18./19.03.2015 - Messiergucken für die Wissenschaft

Eine komische Wetterlage, die Mitte März in den Bergen herrschte. Die Webcams zeigten oft stark eingetrübten Himmel, Dunst und maßen hohe Luftfeuchtewerte; zeitgleich war es in den niederen Lagen dagegen wesentlich trockener. Das Wochenende zog deswegen ungenutzt an uns vorbei, und pünktlich zur Wochenmitte wurde für die Alpenregion gutes, brauchbares Wetter prognostiziert. Suuuper.

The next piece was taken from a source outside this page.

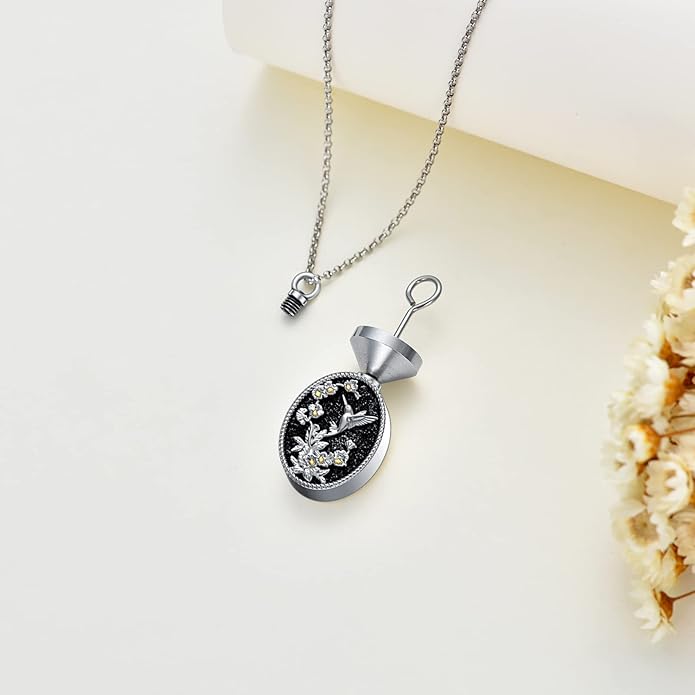 Animal Crystal Urn Necklace For Ashes Sterling Silver Butterfly Dragonfly Bee Phoenix Peacock Hummingbird Fox Angel Wing Pentagram Pentacle Cremation Necklace Heart Teardrop Urn Holder Necklaces For Women Memorial Jewelry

Zum Glück konnte Norman auf seiner Arbeit was deichseln, sodass wir die Nacht von Mittwoch auf Donnerstag nutzen konnten. Zielregion war das Sudelfeld, was von München aus in einer guten Stunde erreichbar ist - wenn da nicht der extrem starke, dichte Feierabendverkehr gewesen wäre, der uns hartnäckig festhielt und nur widerwillig aus den Toren der Stadt entließ. Ein Hoch auf die Autobahn. Je tiefer wir dann in die Pampa des Mangfallgebirges hineinfuhren, desto einsamer wurden die Straßen, desto ruhiger wurde die Welt. Souverän schraubte sich unser Auto den Weg hinauf, vorbei an den Schneewänden, bis wir endlich, gegen 19:50 Uhr, am Platz angekommen waren.

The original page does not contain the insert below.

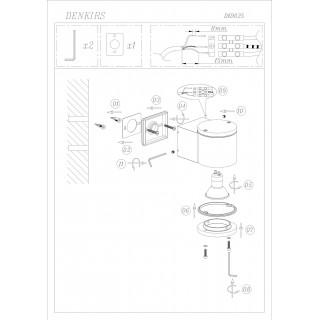 DK9025-WH Светильник настенный IP 65, 50 Вт, GU10, белый, алюминий-foto2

Ein silberner Berlingo, ein 3m hoher Dobson und eine auf dem Boden liegende Leiter erschienen im Scheinwerferlicht - Uwe war schon da. Nach kurzem Begrüßungsplausch und Lagecheck sah ich zu, mich den Umständen entsprechend anzuziehen: Bei nur 3°C stand ich noch in kurzen Hosen rum. Ansonsten war es aber echt angenehm; es ging kein Wind, es war trocken und der Platz hatte Atmosphäre. Am Oberen Sudelfeld war noch mächtig Betrieb, denn die Pistenraupen gurkten weithin hörbar und sichtbar über die schneebedeckten Hänge und abendliche Skifahrer tobten sich im Flutlicht aus. Leider entsprach der Himmel den Anblicken der Webcams der letzten Tage: Irgendwie dunstig, irgendwie eingetrübt. Aber vielleicht wirds ja noch; zumindest das Zodiakallicht bei den Plejaden war zu sehen. Erstmal aufbauen und Käsebrote kauen, dann klappt das mit dem Denken, dann sehen wir weiter.

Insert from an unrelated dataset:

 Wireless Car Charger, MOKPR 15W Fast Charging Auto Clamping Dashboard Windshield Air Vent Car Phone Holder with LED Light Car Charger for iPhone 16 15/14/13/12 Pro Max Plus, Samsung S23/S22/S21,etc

Derart gestärkt und für alle Schandtaten bereit, ging ich im Atlas auf die Suche nach den geplanten Zielen. Der Winterhimmel hing mir mittlerweile schon zum Hals raus, und die letzten verbliebenen To-Do-Objekte würden wohl allesamt nicht so der Kracher sein (sonst wären sie ja nicht übrig geblieben). Basel 11A: Der Opener der Nacht, und gleichzeitig auch die Enttäuschung der Nacht. Der Haufencharakter war gut zu erkennen; rings um die beiden hellsten, dominanten Mitglieder befanden sich weitere ca. 25 Sterne; allesamt bedeutend schwächer und nahezu gleicher Helligkeit. Problemlos aufzulösen. Die Gesamtform des Haufens erinnerte mich an einen Eselkopf, den man von der Seite sah: ein länglicher Kasten (das Maul), von dem eine markante Kette in den Norden ragte (die Ohren). Der hellste Stern markierte das Auge; am Hals stand der zweithellste. Ich hatte mir mehr erhofft von dem Ding; vom Hocker riss es mich nicht. Uwe und Norman wollten, trotz meiner Vorwarnung, unbedingt durchschauen („Ba - sel! Ba - sel! Ba - sel!“), und zeigten sich witzigerweise wesentlich angetaner von dem Cluster als ich.

Ähnlich langweilig begann es zunächst mit Monti 7, einem Asterismus, der mir zufällig auf der Karte ins Auge sprang. Ein auffallendes, recht ausgedehntes, loses Grüppchen mit wenigen, dafür aber hellen Sternen. Interessant wurde die Sache durch ein auffallend rotes Mitglied, was auch der Grund war, dass ich ihn mal festhielt. Kann ich dann nämlich super im Vortrag nächste Woche verwurschten. – Haha, denkste. Leider krieg ich die Zeichnung nicht mit dem entsprechenden DSS-Ausschnitt in Einklang… Hab ich wohl mal wieder ‘ne falsche Gruppe erwischt.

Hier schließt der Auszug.